See, so far, under JJM, we booked a revenue of around INR 250 crores. That includes INR 108 crores revenue what we booked during the last financial year. And we also done work done of another INR 150 crores, that revenue would be booking during the month of August. So I can say around INR 400 crores worth of value of work done until now under the JJM sector.
So most of the other companies are seeing good execution engagement, but somehow we have not been able to catch up, these orders are like very old in the order book now. So if you can just spell out for this year, how much of revenue can we book from JJM orders and also outstanding on the backlog from the JJM?
See, as you know, we secured projects under 3 different phases. First phase is a small surface water, which we have around INR 250 crores. And the Phase 2, we have around 1,600 gram panchayat with around 3,500 standard setting, and then Phase 3, we have another 1,500. That's also a similar kind of a thing. But so far, the DPRs for 702 GPs approved and the cover agreement signed with a worth of INR 1,552 crores. So the total order book, I would say, which is a executable order book, 1,552 plus Phase 1 is another 250, total we have order book of INR 1,700 crores. I would say that is a practical better order backlog. Out of these INR 1,700 crores, so we executed around INR 400 crores worth of projects work done now. Going forward, we should be able to execute anything between INR 1,200 crores to INR 1,500 crore during the current financial year.
Okay. And sir, so in the order book, how much is the total INR 20,000 crores order book, how much is the value of the JJM orders in that order book?
It is now, as I said, 39%. Comes to around 39% up to -- including canal -- yes, yes, including canal, if you add -- 7,000 --35%.
Because, sir, you were also saying that --sir, you are saying that only INR 1,700 crores worth of order is right now executable. But you are saying in the order book about INR 6,000 crores is the value of the projects. So balance 6,000 minus 1,700. So that is not executable as of now, right?

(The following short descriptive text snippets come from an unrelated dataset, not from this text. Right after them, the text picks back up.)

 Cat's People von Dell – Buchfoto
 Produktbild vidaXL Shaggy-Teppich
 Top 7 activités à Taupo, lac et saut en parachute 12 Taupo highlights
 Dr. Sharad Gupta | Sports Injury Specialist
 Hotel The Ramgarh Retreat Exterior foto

Yes. See, but now they are progressively approving this DPR and another INR 1,000 crores worth of DPRs are going to be approved before the end of the current calendar year. And a total 1,500 worth of projects will be approved during the current financial year. So then the executable work would be around INR 3,200 crores. And the remaining they would be approving during the next financial year.

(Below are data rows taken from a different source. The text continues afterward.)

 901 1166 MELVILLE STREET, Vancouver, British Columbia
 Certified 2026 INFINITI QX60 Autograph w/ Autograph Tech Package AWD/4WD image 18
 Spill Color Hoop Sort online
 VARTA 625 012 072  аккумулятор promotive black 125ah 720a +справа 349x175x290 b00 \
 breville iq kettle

Okay. And just last question, sir, on the AP projects. If you can just tell us what is the progress and for total order book outstanding. What was the revenue booked for this quarter?
AP?
AP irrigation project, what is the total revenue booked during the quarter? And what is the outstanding order book?
See, AP is actually contract value is INR 1,000 crores, I think how much we booked?
Actually, we have done the work till as on date around INR 150 crores till date because certain works were not partly completed in June and not be booked in June, it was WIP and till date around INR 150 crores we have executed and remaining INR 850 crores we have outstanding as on date.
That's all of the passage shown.